Перейти к содержанию

Герои дня (Дорошевич)/ДО

Материал из Викитеки — свободной библиотеки
Герои дня
авторъ Власъ Михайловичъ Дорошевичъ
Опубл.: «Россія», 1900, № 568, 22 ноября. Источникъ: Дорошевичъ В. М. Собраніе сочиненій. Томъ IV. Литераторы и общественные дѣятели. — М.: Товарищество И. Д. Сытина, 1905. — С. 114.

Герой дня, безспорно, г. Литвинъ.

О немъ говоритъ вся русская пресса.

И благодаря нескромности газетъ, мы знаемъ имя этой «прелестной маски».

Его зовутъ…

Тутъ мнѣ вспоминается эпизодъ, приключившійся когда-то съ петербургскимъ литераторомъ Z, который былъ не только извѣстенъ писаньемъ доносовъ, но даже служилъ… «и хорошо служилъ», какъ говоритъ Хлестаковъ.

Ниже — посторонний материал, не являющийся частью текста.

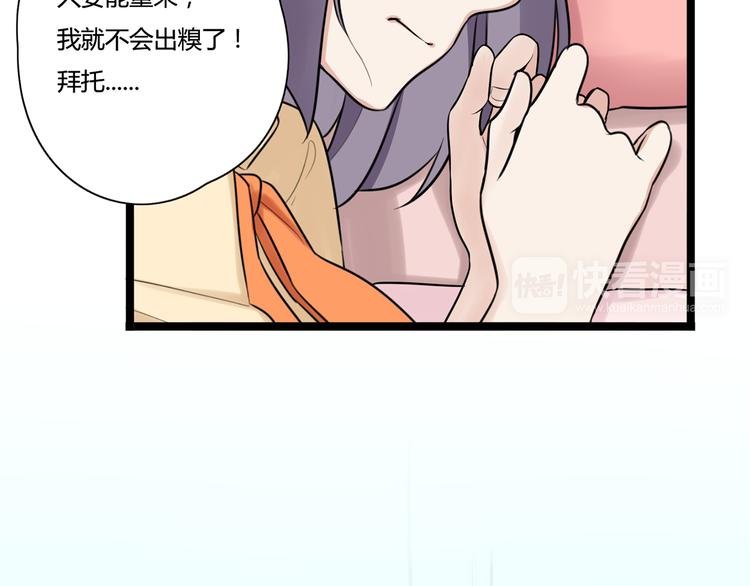 第4话 回到过去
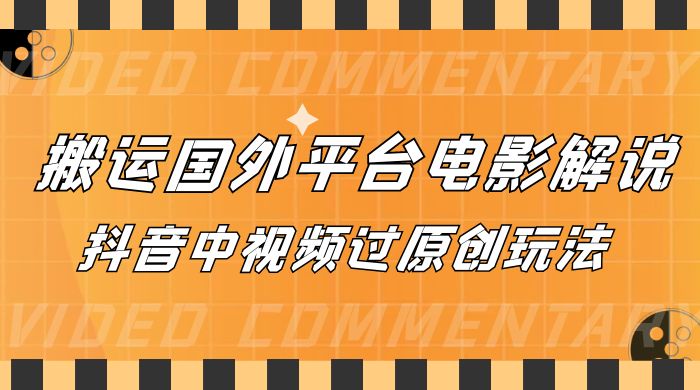 抖音中视频过原创玩法，下载国外平台的电影解说，一键翻译成中文获取收益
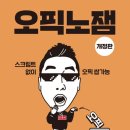 It's GYM | 독학으로 오픽 첫 시험에서 AL 받은 후기 (꿀팁 있음)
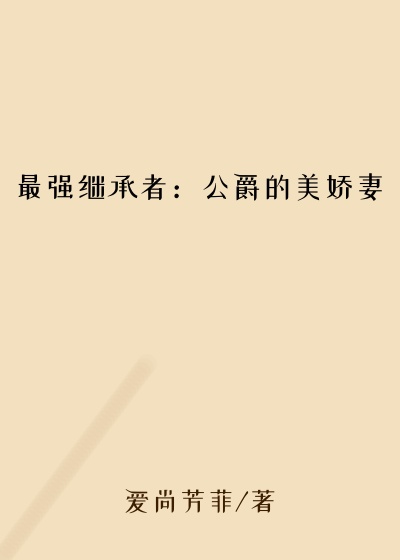 最强继承者:公爵的美娇妻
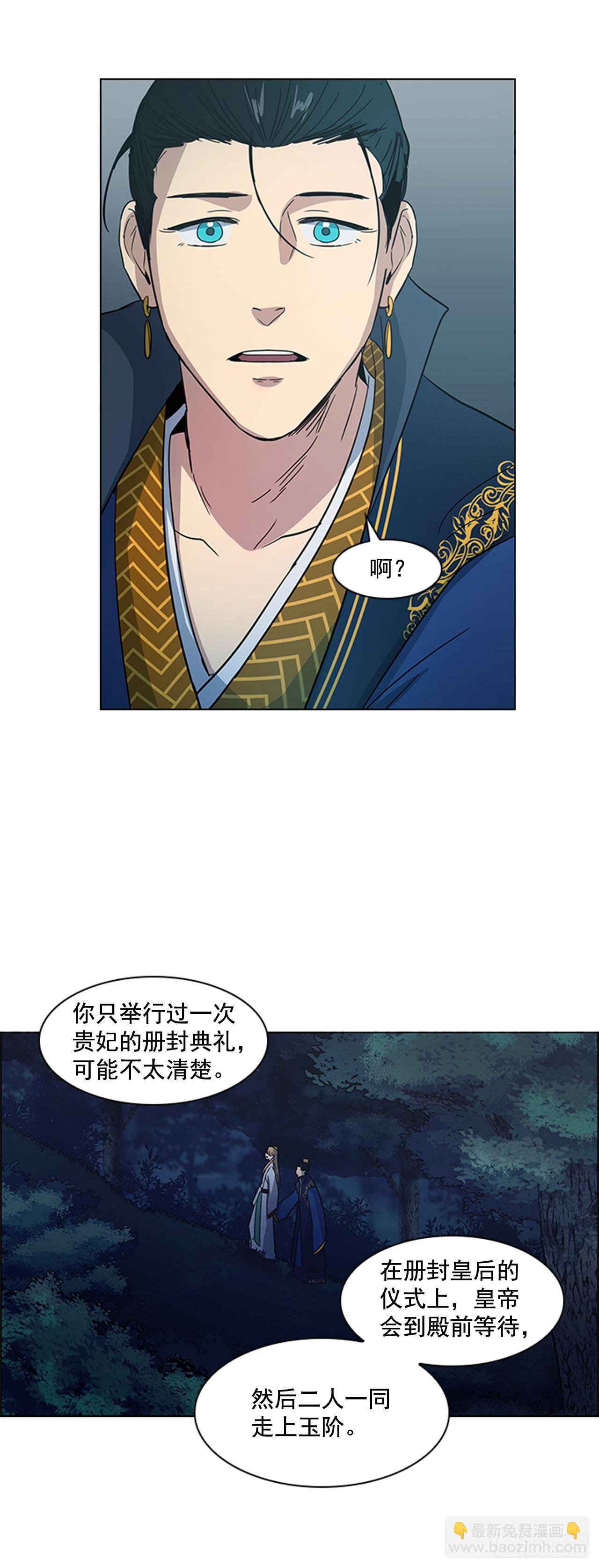 20.太卜令出场
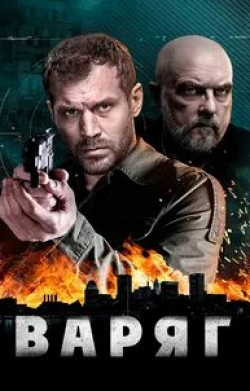 Алексей Нилов и фильм Варяг (2019)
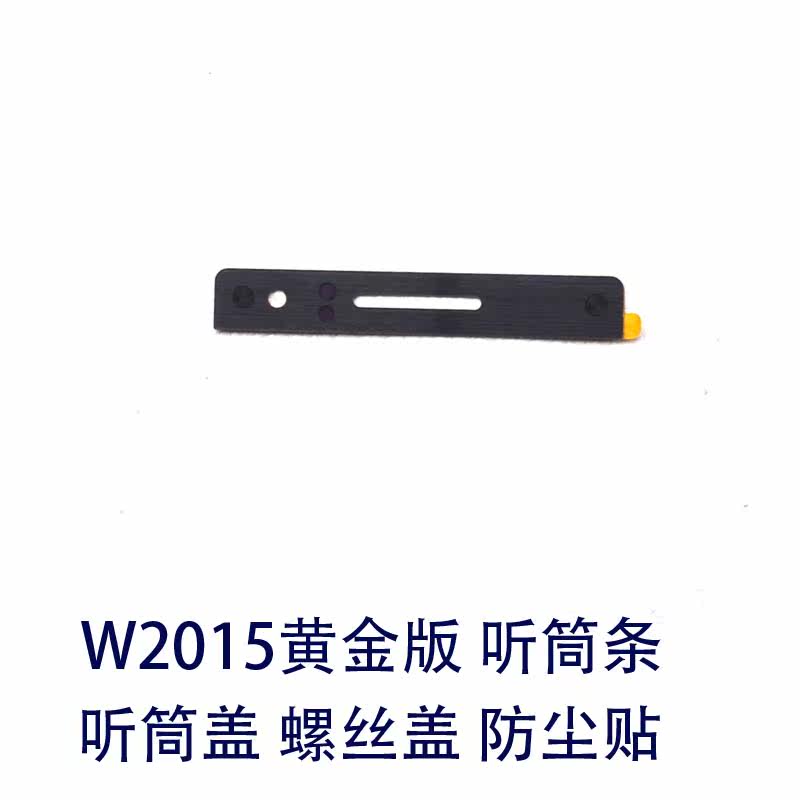 Connecteur pour téléphone portable - Ref 321094 Image 3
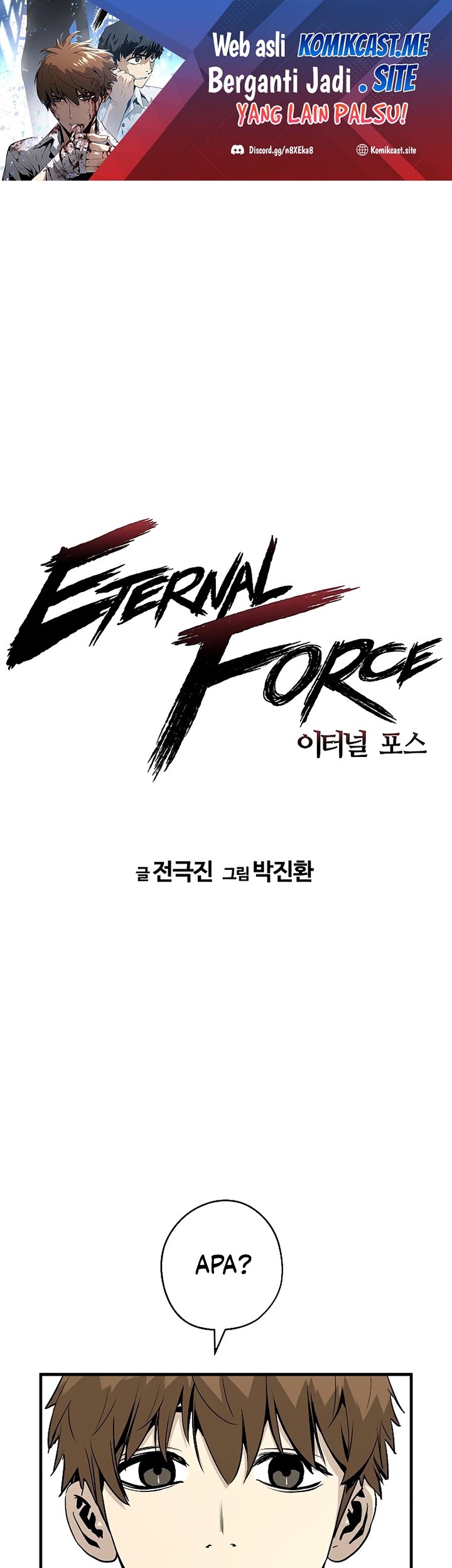 The Breaker Eternal Force Bab 32 halaman 2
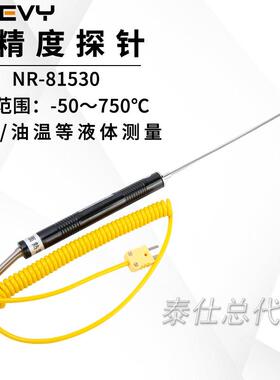 速为NR-81530食品插入式温度计液水油温度探针K型热电偶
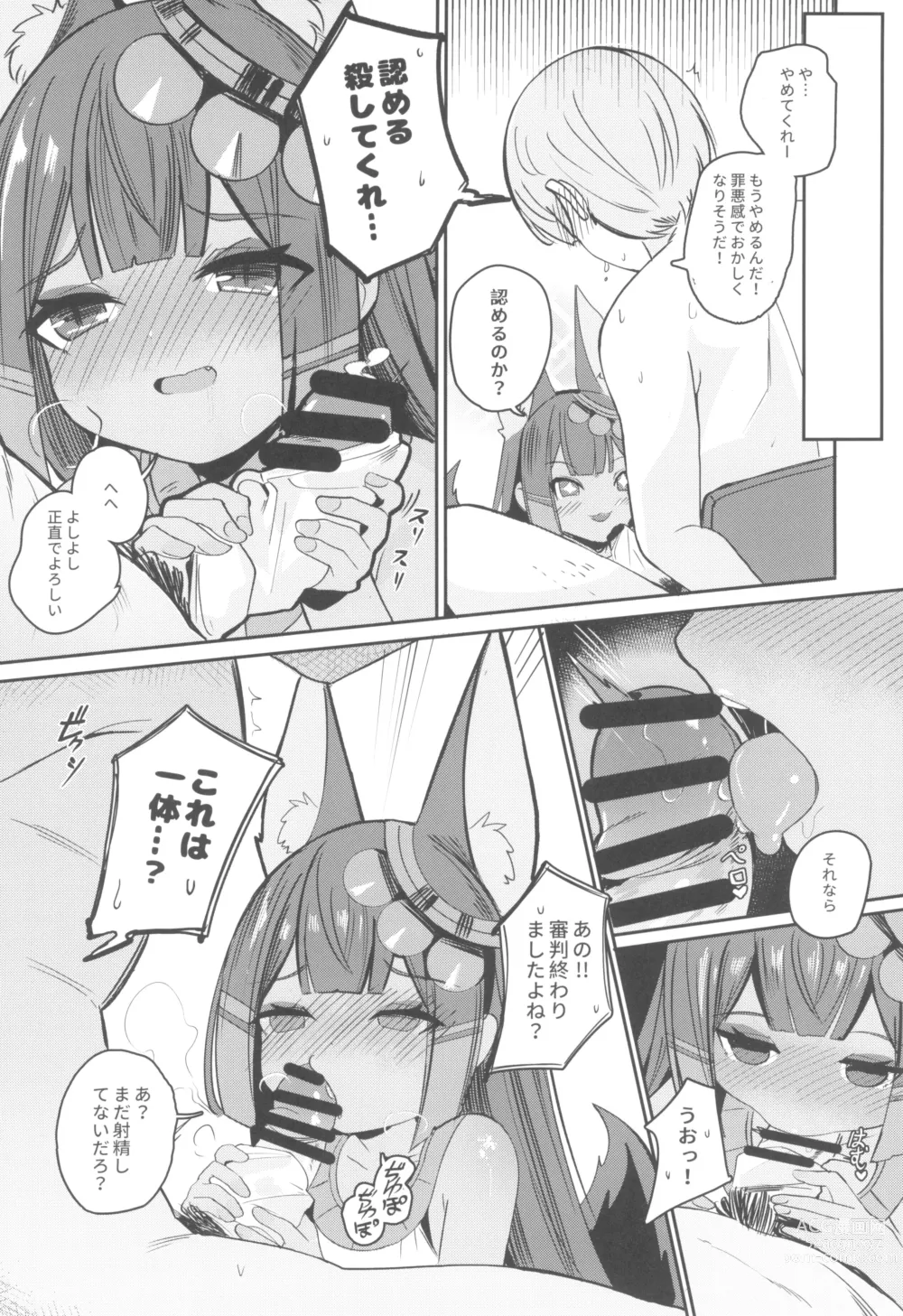 Page 12 of doujinshi Anubis no Ero Shisha Shinpan - She is the oldest FBI in human history and will find souls who have erotic thoughts about loli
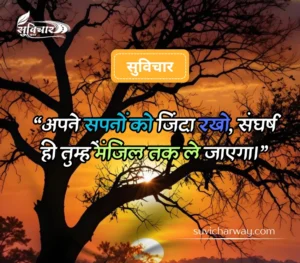 सबसे शानदार सुविचार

Въ то время петербургскіе журналисты часто сходились въ какомъ-то ресторанчикѣ, носившемъ названіе «литературнаго».

Тамъ же засѣдалъ всегда и одинъ отставной генералъ, большой любитель литераторовъ и литературы.

Однажды вечеромъ генералъ сидѣлъ въ компаніи съ литераторами, а за сосѣднимъ столикомъ помѣстился въ одиночествѣ Дзэтъ.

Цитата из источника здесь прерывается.